| 要旨トップ | 目次 | 日本生態学会第66回全国大会 (2019年3月、神戸) 講演要旨
ESJ66 Abstract


一般講演(ポスター発表) P1-315  (Poster presentation)

遊水地における送粉者群集の把握とソバへの送粉貢献度の評価
Evaluation of pollinator communities and contribution to buckwheat pollination in flood control basin

*小倉祐太郎(東邦大学), 下野綾子(東邦大学), 須田真一(中央大学)
*Yutaro Ogura(Toho University), Ayako Shimono(Toho University), Shin-ichi Suda(Chuo University)

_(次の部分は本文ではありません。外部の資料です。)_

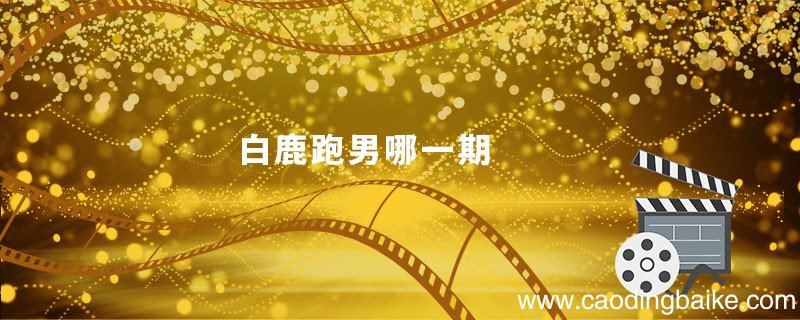 白鹿跑男哪一期白鹿在跑男哪一期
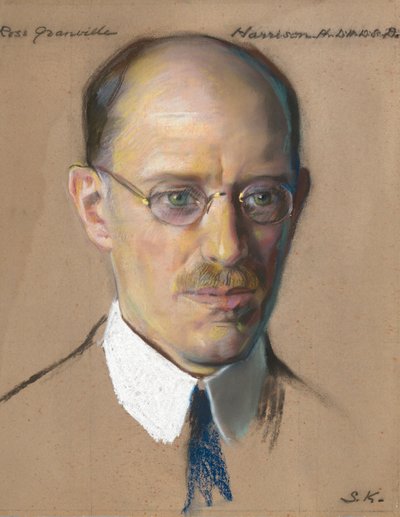 罗斯-哈里森（Ross G. Harrison），奥斯本动物实验室主任，1918-？ 作者 威廉·肯德尔·肯德尔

 人類は生物多様性を基盤とした生態系から様々なサービスを享受している。特に、植物と動物の生物間相互作用である「送粉」は最も重要な生態系サービスの一つとされている。これまでの送粉サービスを評価した研究では、特定の作物とその花粉媒介種に着目したものが主であったが、大多数の花粉媒介種は野生種であり、それらは作物だけでなく野生植物からも餌資源を得ている。植物種間には送粉昆虫を介した相互作用網が築かれ、地域の植物群集が間接的に作物の送粉サービスに貢献している。このような間接効果に着目した研究は少ないが、送粉サービスの安定性を考えるうえで、送粉共生系における多種対多種の相互作用網の理解は重要である。本研究を行った静岡県静岡市では低湿地生態系の保全が行われ、供給される生態系サービスの持続的利用に取り組んでいる場所である。
 本研究では、多様な花粉媒介者に支えられている低湿地の送粉サービスを評価することを目的とし、生態系から供給される花粉媒介者の種類や量の定量化、また花粉媒介を介して人間社会がサービスとして受益する量として作物(ソバ)の収量の定量化を行い、加えて、ソバの花粉媒介者を支える他の花資源の間接効果を評価した。
 ソバの結実率調査及び訪花昆虫調査の結果、昆虫の送粉により8~18%程度の結実、16~36%程度の受粉成功が観察された。ソバの訪花昆虫の67.9%がハエ目であり、そのうち38.0%のハエ目は幼虫期に水中で生活する種であったことから、湿地依存性の種がソバの送粉を担っていると考えられる。ソバは3年間で65種中52種の植物と36.5%の訪花昆虫を共有しており、ソバと同時期に咲く植物との間で間接効果が高くなる傾向がみられた。ソバの非開花期に咲く植物でも26%~52%の種と間接効果が観察され、季節を通じて供給される花資源が訪花昆虫の餌資源の供給に寄与していることが示唆された。